The Fed Shuts Down Bank over Failure to Obtain Approval for Stablecoin Venture
In a banking environment that sees ever increasing competition among financial institutions, middleware companies, and fintechs, the push to “innovate” and get to market “yesterday” can be hard to resist. To this end, fintechs, and often the middleware companies they partner with, spend a lot of time “working” their bank partners, pushing them to approve and support new, innovative, and sometimes untested financial products and services, and to do so on timeframes that are often accelerated to a point beyond the capabilities of the bank to effectively manage.
While the pressures on financial institutions to support new services and move at the speed of light can be difficult to resist, a recent enforcement action from the Board of Governors of the Federal Reserve System (the “Federal Reserve”) underscores the very real and significant risks to banks from moving forward in the name of innovation before fully vetting the opportunity and the banks’ due diligence obligations.
In an enforcement action released on August 17, 2023, the Federal Reserve announced the shutdown of Farmington State Bank (“FSB,” based in the state of Washington) over its failure to obtain the Federal Reserve’s prior approval for a change in FSB’s business plan.
In particular, FSB had made prior commitments to the Federal Reserve that FSB would not change FSB’s business plan, including engaging in servicing activities with respect to digital bank operations. Subsequently, FSB, without the Federal Reserve’s knowledge or approval, engaged in activities that changed FSB’s business plan by entering into a non-binding memorandum of understanding with a third-party fintech, whereby FSB committed to work with the fintech to facilitate its issuance of stablecoins to the public. FSB then took what the Federal Reserve described as “material steps” to implement the memorandum of understanding. These facts were uncovered in a Federal Reserve examination of FSB and, shortly thereafter, FSB announced it would end its digital asset activities and voluntarily cease operations and liquidate.

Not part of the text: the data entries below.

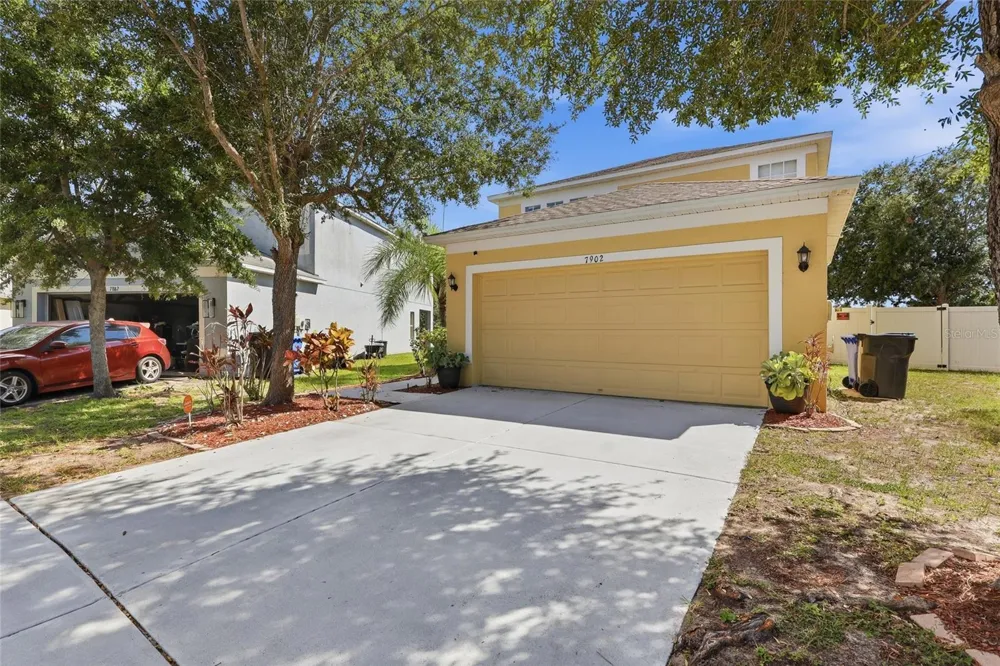 7902 CARRIAGE POINTE DR Gibsonton, FL 33534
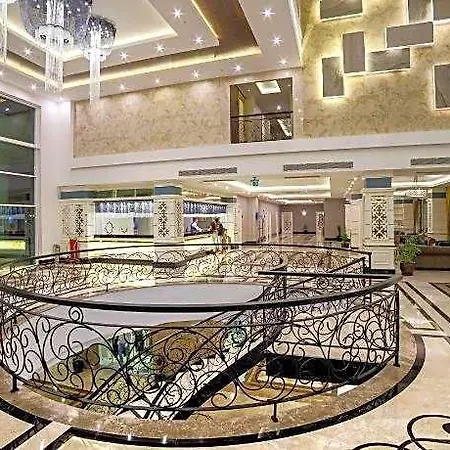 Karmir & 5* Kemer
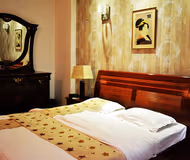 Simplistic living area in Safdarjung Serviced Apartment-New Delhi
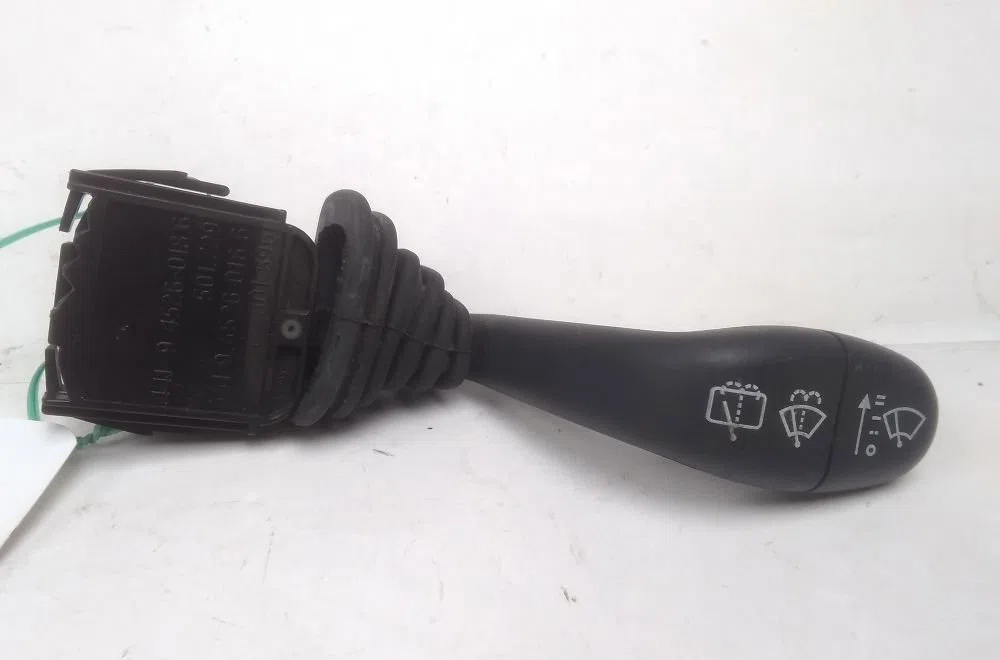 Commande essuie glace SKODA FELICIA 2000 occasion — photo 3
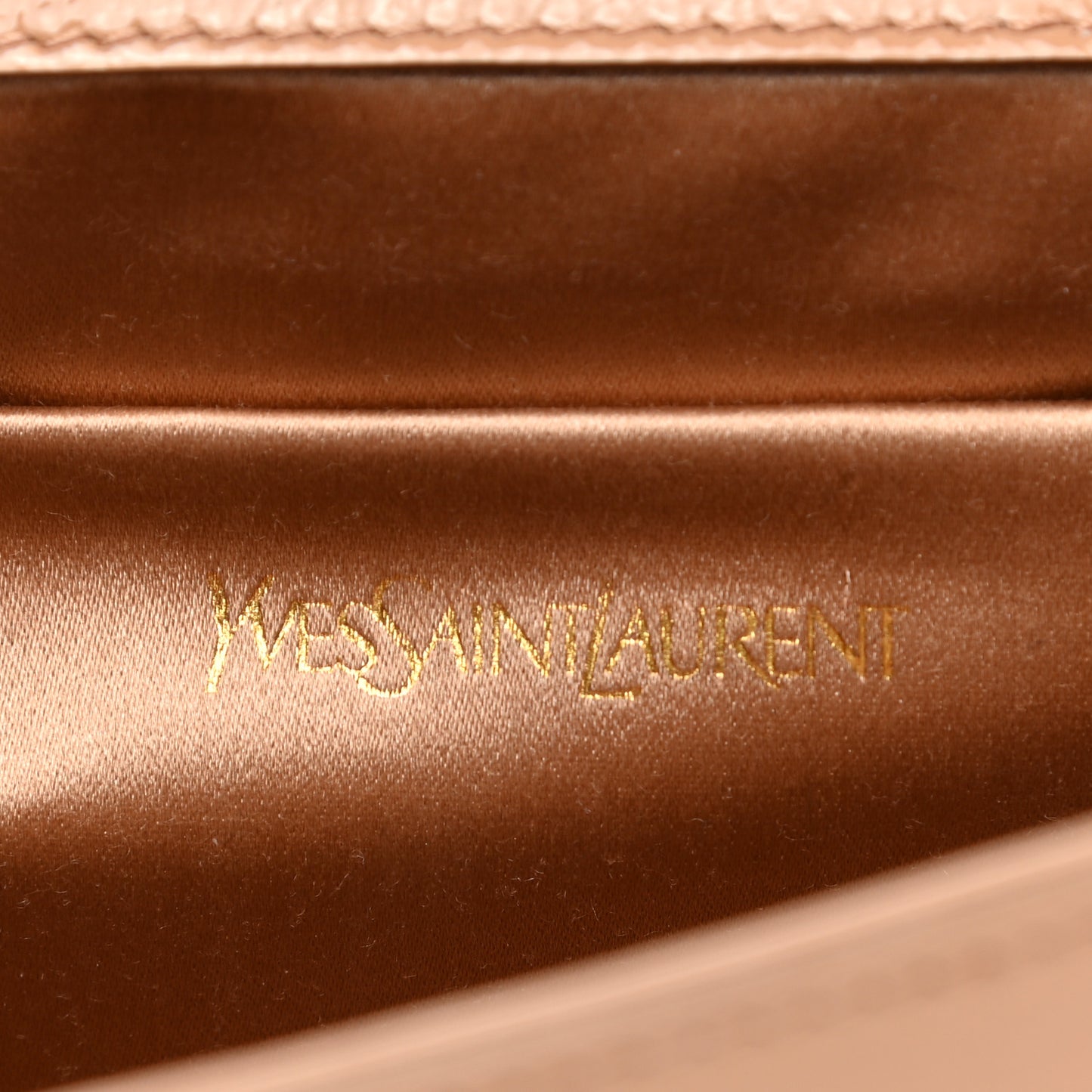 Textured Patent Calfskin Monogram Large Belle De Jour Clutch Beige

The case of FSB is a warning to financial institutions from moving forward with activities in support of fintechs, and digital assets in particular, before the bank has fully vetted what such an action requires vis-à-vis its regulators. This is true even at the most preliminary of stages, such as entering into a non-binding memorandum of understanding. At a minimum, banks must understand what commitments they have made to their regulators for sharing and obtaining prior approval for future activities that may change the bank’s business plan and general character. These commitments may necessitate moving at a more deliberate and cautious pace than the fintech partner is accustomed to, but where the alternative is an enforcement action from the bank’s prudential regulator, it is still incumbent upon the bank to be the bearer of bad news.